Unsustainable Inequalities: Social Justice and the Environment is a non-fiction book published in 2020 by French economist and researcher Lucas Chancel. The book explores the intricate relationship between social inequalities and environmental degradation, offering a comprehensive analysis of the global challenges posed by these intertwined issues. Chanel explains how economic inequality shapes who benefits from environmental resources and who bears the cost of pollution and ecological damage. He shows that wealthier individuals and nations contribute more to environmental harm while poorer communities are often the most affected by its consequences.

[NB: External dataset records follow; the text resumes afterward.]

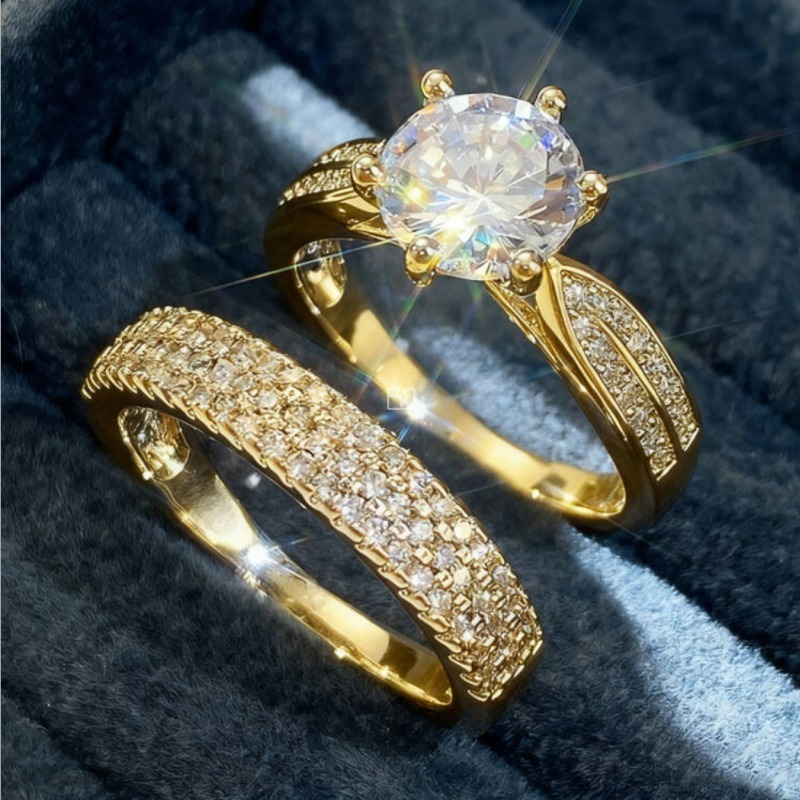 2set Luxury Classic Wedding Ring Set, Engagement & Eternity Rings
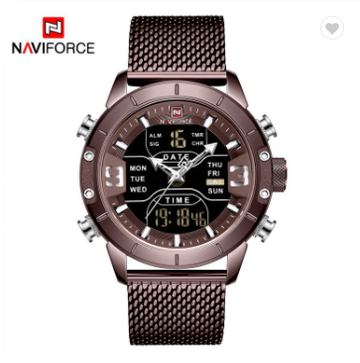 NAVIFORCE 9153S CECE Watch Men Sports Quartz Watches Luxury Brand Stainless Steel Water Resistant LED Digital Wristwatch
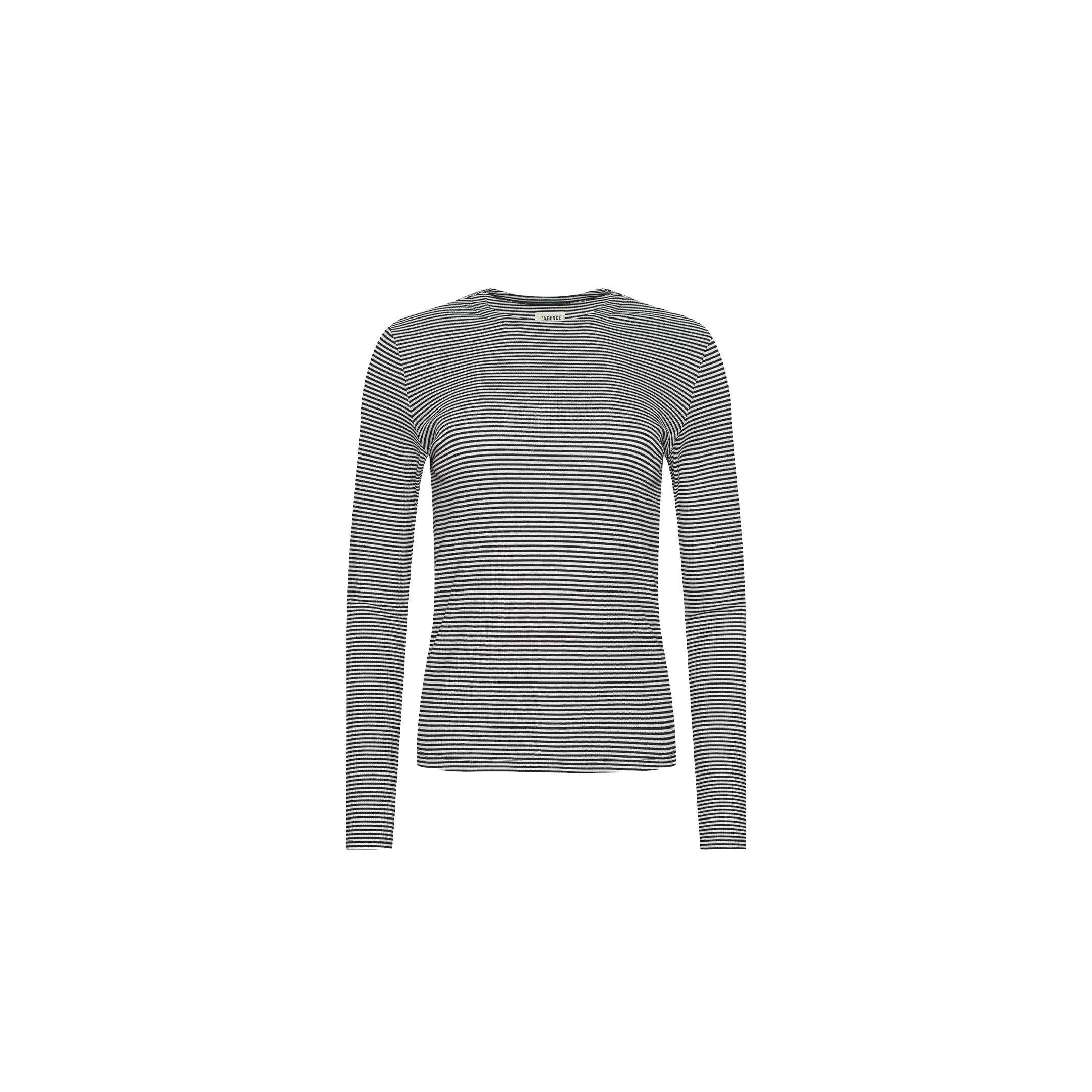 Tess Long Sleeve Tee in a slim-fit, long-sleeve crew neck style, featuring a ribbed knit with thin black and white horizontal stripes.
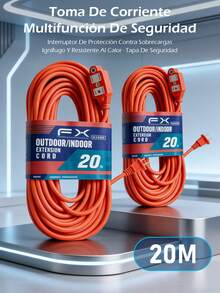 Cable de extensión doméstico de 15 m, cable de extensión de alimentación con enchufe, 3 tomas, adecuado para herramientas eléctricas pesadas y viajes - Tipo de Enchufe A USA (110-127V) - Ver 23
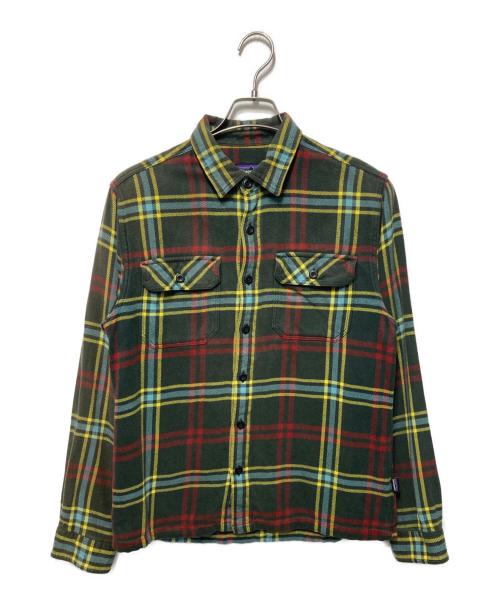 Patagonia（パタゴニア）Patagonia (パタゴニア) フィヨルドフランネルシャツ グリーン×イエロー サイズ:Ｓの古着・服飾アイテム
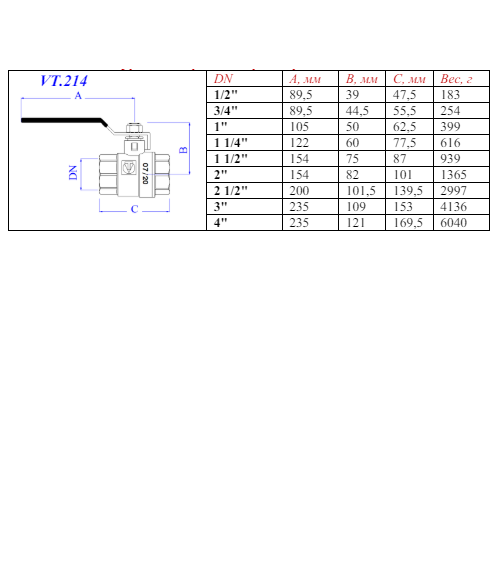 VT.214 Кран шар.(вода) 4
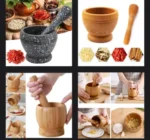 2PCS/SET MULTIPURPOSE WOODEN MORTAR & PESTLE AS KITCHEN/BEAUTY TOOL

Chancel argues for the necessity of addressing social justice and environmental sustainability in tandem in order to achieve lasting and equitable solutions. He emphasizes that environmental policies cannot succeed if they ignore inequality and that social policies must also consider their environmental impact.
== Overview ==
Unsustainable Inequalities examines the complex interplay between social and environmental issues, focusing on the ways in which social inequalities contribute to environmental degradation and hinder effective action against climate change. The book covers a range of topics, including income inequality, access to resources, environmental racism, and the disproportionate impacts of climate change on marginalized communities. Chancel proposes a framework for incorporating social justice into environmental policy and emphasizes the importance of rethinking economic models to prioritize both social equity and environmental sustainability.

== Background and Author ==
Lucas Chancel is a French economist and researcher specializing in income inequality, environmental policy, and sustainable development. He is the Co-Director of the World Inequality Lab at the Paris School of Economics and a Senior Research Fellow at the Institute for Sustainable Development and International Relations. Chancel's academic and policy work focuses on the intersection of social and environmental issues, and his research has contributed significantly to the understanding of these complex relationships.

== Reception ==
Unsustainable Inequalities was ranked the Best Book of 2020 in economics according to the Financial Times.